I installed a JVC 4K projector for a friend yesterday (extremely nice by the way). He let me bring his old Sony Pearl home to use until I buy a projector. Here is a picture of the temp setup I'm using until I get and mount my own projector. I'm really leaning towards the Panny 8000. The real issue is mounting any projector. Setting up this Sony I have determined the projector must be two feet from the ceiling to not have the ceiling fan in the way. I was going to build a box that dropped down from the ceiling but found out the main A/C duct is exactly over where the box would need to be. Using the Panny with its offset lense will allow me to use a linear actuator. I only have to cut a 2" circle in the ceiling, hang the actuator in the attic, attach the projector mount to it and use the actuator's remote control to raise and lower the projector.


----------



## KelvinS1965 (Feb 6, 2011)

You'd have just as much mounting flexibility if you went for a JVC instead and better black levels too. I don't know how pricing works out where you are but in the UK they are similar prices so the Panny isn't the cheap option anymore for us, may as well chose the better picture if they are priced the same. :devil:


----------



## Wardsweb (Apr 2, 2010)

KelvinS1965 said:


> You'd have just as much mounting flexibility if you went for a JVC instead and better black levels too. I don't know how pricing works out where you are but in the UK they are similar prices so the Panny isn't the cheap option anymore for us, may as well chose the better picture if they are priced the same. :devil:


Here the Panasonic MSRP $3500 and online it is a little less than $3000 and the JVC 4K MSRP is $8000 with some internet deals getting that down closer to $5000.


----------



## KelvinS1965 (Feb 6, 2011)

What about the X35/RS46 as this is the 1080p model that is more of a direct competitor to the Panasonic (the others aren't strictly 4K either, but lets leave that arguement aside for now)?
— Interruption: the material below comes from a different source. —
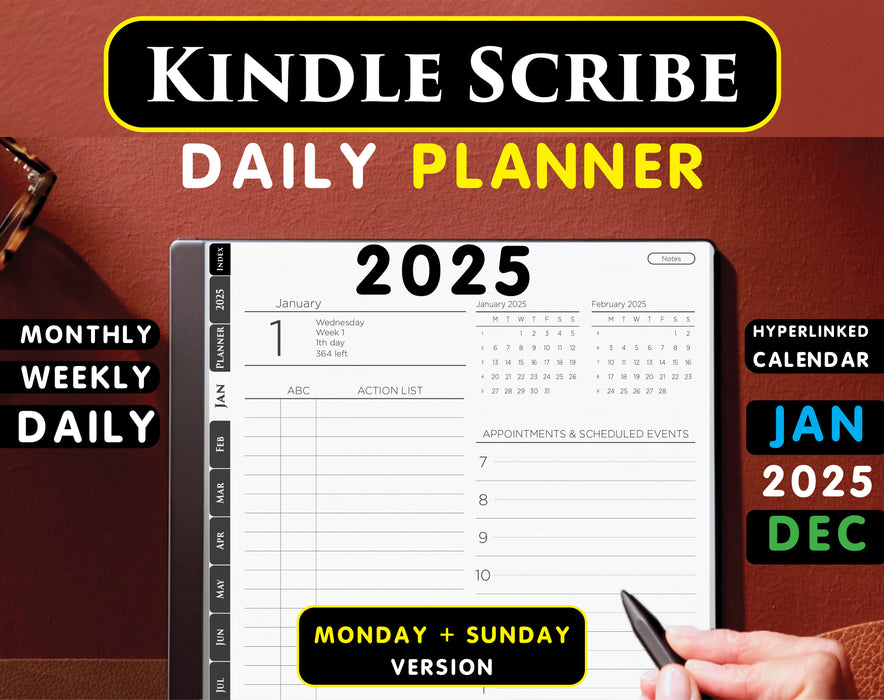 Best Digital 2025 Kindle Scribe Daily Planner: Hyperlinked Day Organizer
If you can get that much off the X55/RS48 (8k down to 5k) then maybe the JVC X35/RS46 would be just as cheap as the Panasonic...I know which I'd rather have (as a former AE1000/2000 and 3000 owner  ).


----------



## Wardsweb (Apr 2, 2010)

Thanks for the feedback. The JVC my friend bought was the DLA-RS56.


----------



## ALMFamily (Oct 19, 2011)

The actuator setup sounds very interesting Luther - looking forward to seeing it in action....


----------



## Wardsweb (Apr 2, 2010)

ALMFamily said:


> The actuator setup sounds very interesting Luther - looking forward to seeing it in action....


I will start a thread in DIY when all the parts arrive. I have ordered the projector mount, linear actuator, power supply and RF remote.


----------



## ALMFamily (Oct 19, 2011)

Wardsweb said:


> I will start a thread in DIY when all the parts arrive. I have ordered the projector mount, linear actuator, power supply and RF remote.


Great - thanks!


----------